Bu inceleme karşısında “Büyük İlaç” lobisi (Big Pharma), ayrıcalıklarını savunmak için tüm gücüyle harekete geçti ve düzenleyici önlemleri kaldırmak veya zayıflatmak için yoğun çaba sarf etti. Komisyon ile kurduğu yakın ilişki – sanayinin uygunsuz etkilerini ciddiye almayan bir ilişki – bu süreçte kilit rol oynadı. Ayrıca ilaç endüstrisinin güçlü lobi bütçesi de etkili oldu. Örneğin, en çok harcama yapan ilk on şirket 2015’ten bu yana lobi bütçelerini 2 milyon avro artırdı ve ilaç endüstrisinin ana lobi grubu olan EFPIA (Avrupa İlaç Endüstrileri ve Dernekleri Federasyonu), Komisyon’un sekiz danışma grubunda yer alıyor. “Büyük İlaç”, aynı zamanda hastalıklar etrafında güçlü duyguları harekete geçiren bir halkla ilişkiler kampanyası da başlatarak, eleştirileri savuşturmayı ve tartışma alanını daraltmayı hedefledi. Bu lobi gücü sayesinde, sanayi hem ilaç teşvik ve ödüllerine (ör. fikri mülkiyet kuralları) ilişkin incelemede hem de ilaçların tekelleşme fiyatlandırma dönemini uzatan SPC (tamamlayıcı koruma sertifikası) denilen patent uzatmalarındaki değişiklikte etkili oldu.
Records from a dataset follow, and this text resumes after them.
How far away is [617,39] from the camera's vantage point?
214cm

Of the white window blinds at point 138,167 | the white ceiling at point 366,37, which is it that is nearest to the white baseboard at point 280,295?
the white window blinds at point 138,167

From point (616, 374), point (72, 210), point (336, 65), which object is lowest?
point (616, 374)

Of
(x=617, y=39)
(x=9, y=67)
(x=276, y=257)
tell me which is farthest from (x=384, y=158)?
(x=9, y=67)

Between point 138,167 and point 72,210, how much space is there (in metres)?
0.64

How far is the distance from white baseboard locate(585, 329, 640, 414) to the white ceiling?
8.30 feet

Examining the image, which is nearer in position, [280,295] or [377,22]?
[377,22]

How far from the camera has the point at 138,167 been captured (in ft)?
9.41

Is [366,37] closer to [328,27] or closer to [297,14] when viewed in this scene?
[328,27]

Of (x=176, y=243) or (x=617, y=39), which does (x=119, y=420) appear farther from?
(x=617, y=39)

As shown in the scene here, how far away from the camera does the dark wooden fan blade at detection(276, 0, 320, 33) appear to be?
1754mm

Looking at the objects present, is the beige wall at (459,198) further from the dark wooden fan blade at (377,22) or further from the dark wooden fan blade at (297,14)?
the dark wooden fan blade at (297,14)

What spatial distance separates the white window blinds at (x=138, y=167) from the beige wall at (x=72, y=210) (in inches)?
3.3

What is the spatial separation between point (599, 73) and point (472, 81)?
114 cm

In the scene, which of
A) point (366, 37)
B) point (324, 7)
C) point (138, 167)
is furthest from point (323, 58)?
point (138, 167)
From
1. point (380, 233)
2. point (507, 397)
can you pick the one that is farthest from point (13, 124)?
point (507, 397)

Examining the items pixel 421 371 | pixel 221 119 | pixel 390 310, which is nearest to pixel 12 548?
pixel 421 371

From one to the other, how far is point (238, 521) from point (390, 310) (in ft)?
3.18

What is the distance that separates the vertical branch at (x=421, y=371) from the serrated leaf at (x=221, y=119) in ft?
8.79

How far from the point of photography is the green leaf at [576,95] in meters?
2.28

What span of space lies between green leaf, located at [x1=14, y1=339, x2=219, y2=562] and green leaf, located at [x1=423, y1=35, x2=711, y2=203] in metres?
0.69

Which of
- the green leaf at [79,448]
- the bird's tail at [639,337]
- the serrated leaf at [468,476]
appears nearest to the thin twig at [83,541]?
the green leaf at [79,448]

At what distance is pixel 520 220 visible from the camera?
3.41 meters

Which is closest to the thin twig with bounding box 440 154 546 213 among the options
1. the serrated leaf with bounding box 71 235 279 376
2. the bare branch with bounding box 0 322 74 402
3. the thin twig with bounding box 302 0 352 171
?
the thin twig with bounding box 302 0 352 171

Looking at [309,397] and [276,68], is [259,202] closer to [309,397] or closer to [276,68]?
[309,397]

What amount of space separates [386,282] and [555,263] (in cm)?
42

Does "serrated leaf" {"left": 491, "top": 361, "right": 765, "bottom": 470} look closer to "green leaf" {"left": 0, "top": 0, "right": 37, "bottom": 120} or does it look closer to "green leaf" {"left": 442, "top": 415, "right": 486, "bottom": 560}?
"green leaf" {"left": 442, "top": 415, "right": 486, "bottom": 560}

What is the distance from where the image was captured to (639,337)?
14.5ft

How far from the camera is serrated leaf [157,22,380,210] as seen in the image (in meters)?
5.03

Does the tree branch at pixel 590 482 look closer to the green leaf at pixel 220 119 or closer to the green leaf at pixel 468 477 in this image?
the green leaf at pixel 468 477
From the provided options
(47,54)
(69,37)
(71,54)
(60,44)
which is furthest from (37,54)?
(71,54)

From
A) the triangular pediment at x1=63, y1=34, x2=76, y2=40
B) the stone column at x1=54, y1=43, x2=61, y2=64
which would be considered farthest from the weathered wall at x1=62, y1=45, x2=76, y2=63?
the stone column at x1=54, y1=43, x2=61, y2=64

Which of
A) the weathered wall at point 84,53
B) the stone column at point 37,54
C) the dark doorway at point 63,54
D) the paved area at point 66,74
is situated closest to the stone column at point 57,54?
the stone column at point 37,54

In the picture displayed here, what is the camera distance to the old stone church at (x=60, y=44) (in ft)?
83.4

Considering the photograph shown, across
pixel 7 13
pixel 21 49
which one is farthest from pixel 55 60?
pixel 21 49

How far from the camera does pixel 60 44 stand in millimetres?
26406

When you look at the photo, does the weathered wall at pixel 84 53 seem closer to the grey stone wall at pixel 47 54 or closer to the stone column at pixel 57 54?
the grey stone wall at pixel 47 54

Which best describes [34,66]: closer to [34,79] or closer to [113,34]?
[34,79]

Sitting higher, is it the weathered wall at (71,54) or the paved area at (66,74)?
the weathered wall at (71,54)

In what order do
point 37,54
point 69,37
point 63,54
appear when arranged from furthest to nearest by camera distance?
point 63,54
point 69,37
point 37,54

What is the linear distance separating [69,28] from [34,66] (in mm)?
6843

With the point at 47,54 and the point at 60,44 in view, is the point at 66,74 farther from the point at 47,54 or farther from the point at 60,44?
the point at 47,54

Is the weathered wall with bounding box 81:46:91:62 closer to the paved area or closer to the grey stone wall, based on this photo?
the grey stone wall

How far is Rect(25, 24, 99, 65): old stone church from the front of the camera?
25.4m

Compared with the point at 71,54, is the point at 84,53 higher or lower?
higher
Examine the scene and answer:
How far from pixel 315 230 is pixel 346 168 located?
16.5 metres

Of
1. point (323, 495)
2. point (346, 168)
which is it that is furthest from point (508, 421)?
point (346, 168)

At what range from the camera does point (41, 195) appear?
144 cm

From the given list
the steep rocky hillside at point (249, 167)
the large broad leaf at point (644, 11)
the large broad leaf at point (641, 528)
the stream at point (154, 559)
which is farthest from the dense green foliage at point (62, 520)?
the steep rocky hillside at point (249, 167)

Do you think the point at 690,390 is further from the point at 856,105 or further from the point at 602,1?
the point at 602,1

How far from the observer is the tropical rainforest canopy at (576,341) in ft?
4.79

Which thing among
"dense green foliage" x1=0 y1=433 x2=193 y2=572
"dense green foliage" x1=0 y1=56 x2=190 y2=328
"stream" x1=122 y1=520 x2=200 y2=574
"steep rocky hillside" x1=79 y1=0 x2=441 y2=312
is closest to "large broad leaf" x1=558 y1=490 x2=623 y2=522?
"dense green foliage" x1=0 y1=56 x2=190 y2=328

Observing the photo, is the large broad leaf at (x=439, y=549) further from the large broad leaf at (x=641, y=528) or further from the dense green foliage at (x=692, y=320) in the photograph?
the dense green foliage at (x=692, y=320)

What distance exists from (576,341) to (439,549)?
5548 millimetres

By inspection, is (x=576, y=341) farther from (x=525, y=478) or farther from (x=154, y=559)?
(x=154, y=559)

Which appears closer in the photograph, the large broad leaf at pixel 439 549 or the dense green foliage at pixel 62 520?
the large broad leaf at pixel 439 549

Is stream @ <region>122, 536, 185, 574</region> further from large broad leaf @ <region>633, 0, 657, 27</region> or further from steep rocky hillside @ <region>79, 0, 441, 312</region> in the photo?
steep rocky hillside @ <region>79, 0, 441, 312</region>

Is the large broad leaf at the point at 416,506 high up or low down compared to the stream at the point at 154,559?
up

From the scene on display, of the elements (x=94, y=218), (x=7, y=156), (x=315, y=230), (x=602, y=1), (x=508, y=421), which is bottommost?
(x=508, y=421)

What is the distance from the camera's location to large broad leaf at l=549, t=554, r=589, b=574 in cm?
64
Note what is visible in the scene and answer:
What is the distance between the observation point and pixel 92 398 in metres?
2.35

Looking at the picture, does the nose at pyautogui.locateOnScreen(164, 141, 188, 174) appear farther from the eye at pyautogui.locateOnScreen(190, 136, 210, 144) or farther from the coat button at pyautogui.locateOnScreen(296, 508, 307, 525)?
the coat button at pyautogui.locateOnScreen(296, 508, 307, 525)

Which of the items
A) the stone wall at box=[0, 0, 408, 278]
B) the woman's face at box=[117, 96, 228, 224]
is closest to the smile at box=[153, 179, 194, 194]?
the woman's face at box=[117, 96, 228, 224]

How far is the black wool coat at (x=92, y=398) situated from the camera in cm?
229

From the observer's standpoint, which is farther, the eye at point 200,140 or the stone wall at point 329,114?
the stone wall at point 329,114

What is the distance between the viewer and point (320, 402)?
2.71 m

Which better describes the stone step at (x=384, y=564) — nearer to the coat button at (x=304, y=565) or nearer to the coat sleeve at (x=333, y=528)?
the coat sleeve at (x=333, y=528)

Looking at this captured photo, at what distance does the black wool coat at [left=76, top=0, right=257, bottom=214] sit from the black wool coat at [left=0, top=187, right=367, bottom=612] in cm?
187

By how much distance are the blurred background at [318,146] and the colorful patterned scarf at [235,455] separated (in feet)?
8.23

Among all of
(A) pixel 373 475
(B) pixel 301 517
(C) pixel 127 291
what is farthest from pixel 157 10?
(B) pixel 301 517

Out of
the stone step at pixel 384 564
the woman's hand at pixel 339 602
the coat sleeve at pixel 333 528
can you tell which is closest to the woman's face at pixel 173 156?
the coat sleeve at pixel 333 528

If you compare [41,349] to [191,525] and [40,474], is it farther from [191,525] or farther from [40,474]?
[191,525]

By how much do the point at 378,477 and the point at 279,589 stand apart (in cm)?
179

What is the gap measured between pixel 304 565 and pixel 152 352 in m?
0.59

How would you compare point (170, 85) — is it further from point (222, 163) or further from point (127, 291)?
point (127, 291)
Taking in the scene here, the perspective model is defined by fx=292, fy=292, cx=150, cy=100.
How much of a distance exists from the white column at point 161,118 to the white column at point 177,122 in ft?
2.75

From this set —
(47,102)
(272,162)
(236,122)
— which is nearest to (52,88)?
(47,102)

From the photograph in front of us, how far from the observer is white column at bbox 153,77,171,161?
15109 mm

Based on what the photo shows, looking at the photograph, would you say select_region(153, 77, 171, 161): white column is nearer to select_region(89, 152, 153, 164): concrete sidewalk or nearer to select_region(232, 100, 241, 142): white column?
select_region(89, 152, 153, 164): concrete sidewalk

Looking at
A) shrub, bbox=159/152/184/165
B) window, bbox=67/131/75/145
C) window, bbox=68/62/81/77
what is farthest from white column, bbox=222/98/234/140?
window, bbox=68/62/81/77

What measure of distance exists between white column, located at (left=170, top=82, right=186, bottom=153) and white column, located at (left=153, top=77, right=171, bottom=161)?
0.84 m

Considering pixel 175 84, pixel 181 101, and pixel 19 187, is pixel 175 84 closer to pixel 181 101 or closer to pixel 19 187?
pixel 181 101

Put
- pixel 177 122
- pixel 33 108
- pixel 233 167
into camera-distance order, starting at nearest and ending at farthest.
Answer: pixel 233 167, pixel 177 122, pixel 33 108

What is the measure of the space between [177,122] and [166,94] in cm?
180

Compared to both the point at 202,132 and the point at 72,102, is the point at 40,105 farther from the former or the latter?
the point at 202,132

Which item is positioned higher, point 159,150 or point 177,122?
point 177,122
Ayrıca, yeni ilaç ve sağlık teknolojilerinin mevcut ilaçlarla kıyaslandığında ne kadar etkili olduğunu değerlendirmeye yönelik AB iş birliği önerisini de etkilemeyi başardı. Bu tür değerlendirmeler, üye devletlerin fiyat müzakereleri için önemliydi. İlaç şirketleri, tıbbi açıdan bir ilerleme sunmasa bile patent koruması devam eden ve bu nedenle daha pahalı olan “yeni” ilaçların kullanılmasını, koruması sona ermiş daha ucuz “eski” ilaçlara tercih etmektedir.
Ancak her şey kaybedilmiş değildir. Yüksek fiyatlar, erişim eksikliği ve gerçek terapötik ilerleme sunan çok az sayıda yeni ilaç krizine karşılık olarak, köklü değişim isteği hâlâ güçlüdür. Yeni Avrupa Parlamentosu ve Komisyonu’nun ilaç politikasının “Büyük İlaç”ın uygunsuz etkisinden korunmasını sağlaması gerektiğini vurguluyoruz. Dar ticari çıkarlar, halk sağlığı önceliklerini baltalamamalı ve endüstrinin korku yayma stratejileri dönüşümsel değişim alanını daraltmamalıdır. AB kurumları, yeni ilaçların sağlam ve bağımsız değerlendirmeleri için Avrupa genelinde iş birliğini sürdürmeli, ticaret anlaşmaları yoluyla genişletilmiş fikri mülkiyet hükümlerinin teşvik edilmesini durdurmalı ve ilaç araştırmalarının daha iyi finanse edilmesi için tartışmaları desteklemelidir. Böylece kamu yatırımlarına, kamu yararına dönüş sağlanabilir.